In the beginning of January, there was an group of exhibits at the Oaxacan Painters Museum, that included an exhibit of hand-embroidered handkerchiefs with comments about domestic violence.   Here is what Joan created:
Joan wrote, "I finished my piece and it certainly was a "challenge!"   As I mentioned, my theme was violence against women and I tried to make it look as Mexicano as possible.  I was inspired by the embroidered pieces at the city museum to embroider sayings that I saw on the walls around Oaxaca relating to the violence; and, as I never embroidered before, the letters look just as simple and crude as some on the the handkerchiefs.:-).   It's all very "oaxaquena."  Anyway, it's nothing like anything I've ever done before and the material was certainly a challenge, but it was a fun process,  So I'm happy that we decided to do this regardless of the crudeness of the outcome."

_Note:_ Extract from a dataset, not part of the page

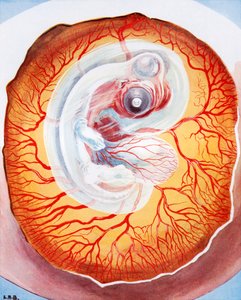  作： Leonard Robert Brightwell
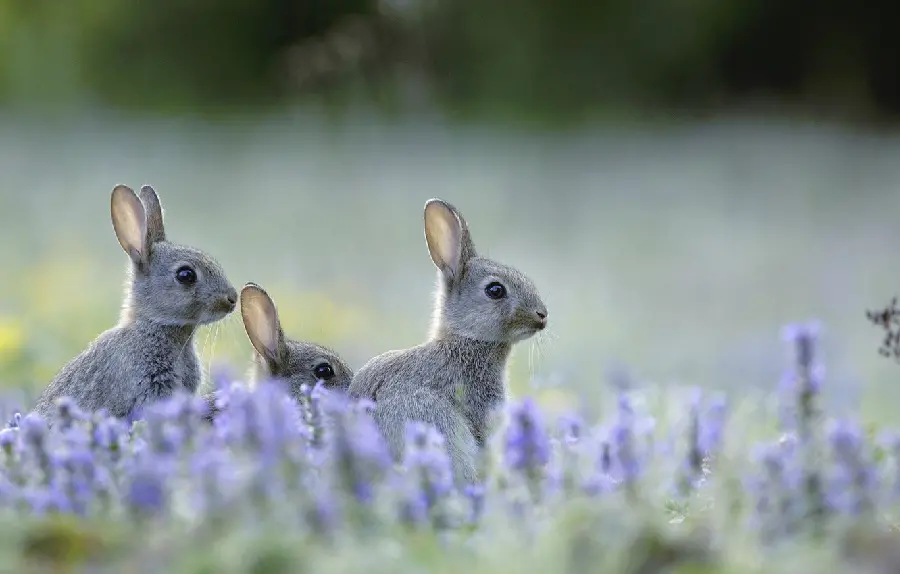 Cute and beautiful background of wild rabbits among flowers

Here are the two unfinished pieces I created.  I have actually finished them both, but haven't taken photos yet.  Both are direct copies of Tamayo's Sandias, but created with cloth rather than paint.  I had a good challenge choosing how to make that thin, white bit between the red part and the rind of the melon, and chose to create the illusion of that inedible part with  thread and stitching.  As elementary-level as it appears, these two small quilts were both good lessons for me.  And, as always, I cut without a pattern or straight edge, using my cutter like a pencil on paper. There will be more Sandias, but this week I'm working on other things.  That's for another post!